## Supplied information:
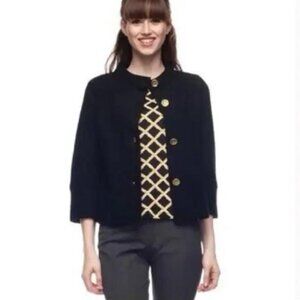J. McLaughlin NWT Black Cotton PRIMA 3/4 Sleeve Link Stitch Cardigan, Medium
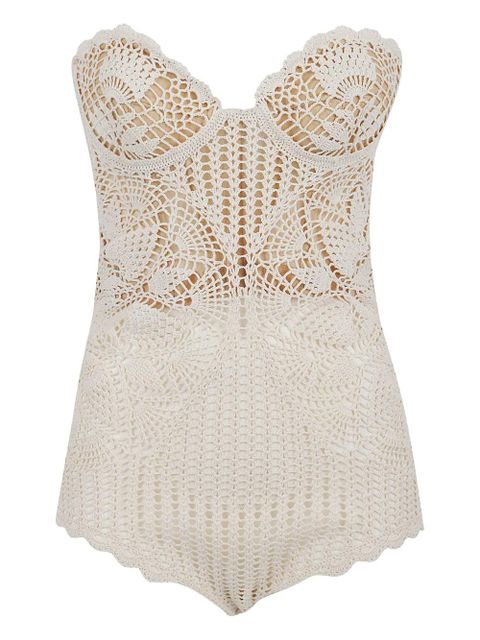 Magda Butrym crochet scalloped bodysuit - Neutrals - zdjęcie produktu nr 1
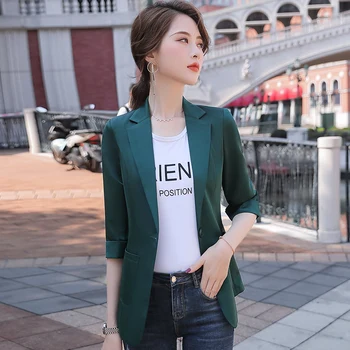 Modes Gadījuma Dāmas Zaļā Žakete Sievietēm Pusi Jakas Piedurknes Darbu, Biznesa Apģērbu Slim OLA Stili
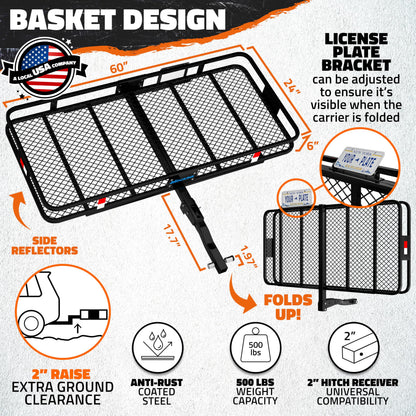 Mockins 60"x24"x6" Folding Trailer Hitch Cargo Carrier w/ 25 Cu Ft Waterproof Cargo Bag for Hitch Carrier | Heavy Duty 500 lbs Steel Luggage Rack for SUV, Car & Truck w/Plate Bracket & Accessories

* * *

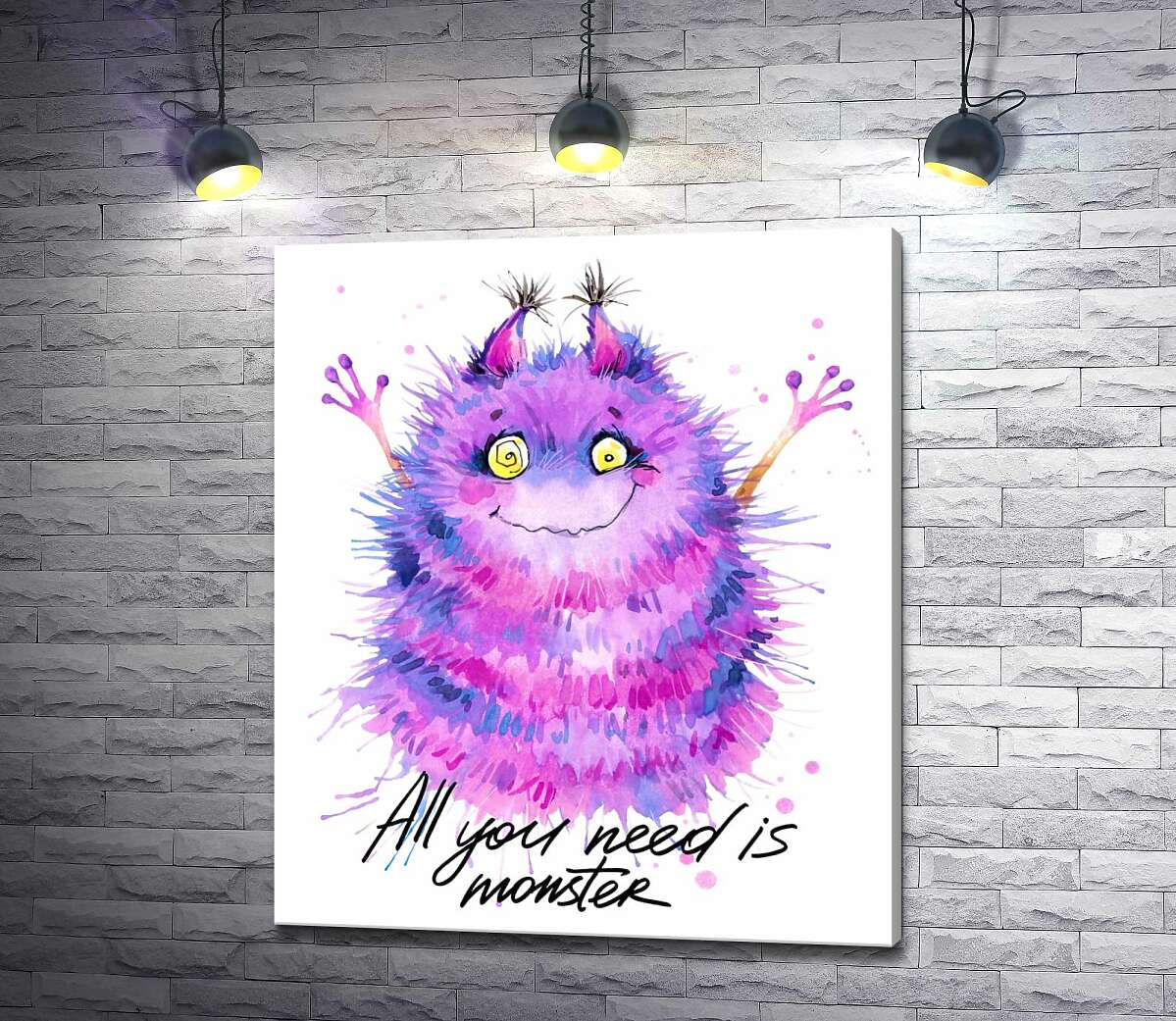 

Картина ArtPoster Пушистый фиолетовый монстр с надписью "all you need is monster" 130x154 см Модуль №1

## What you will do:
Extract from the material above the stretch running from the line containing "Magda Butrym crochet" through the line containing "Bracket & Accessories". Keep the text exact and the pictures out.

## Result:
 Magda Butrym crochet scalloped bodysuit - Neutrals - zdjęcie produktu nr 1
 Modes Gadījuma Dāmas Zaļā Žakete Sievietēm Pusi Jakas Piedurknes Darbu, Biznesa Apģērbu Slim OLA Stili
 Mockins 60"x24"x6" Folding Trailer Hitch Cargo Carrier w/ 25 Cu Ft Waterproof Cargo Bag for Hitch Carrier | Heavy Duty 500 lbs Steel Luggage Rack for SUV, Car & Truck w/Plate Bracket & Accessories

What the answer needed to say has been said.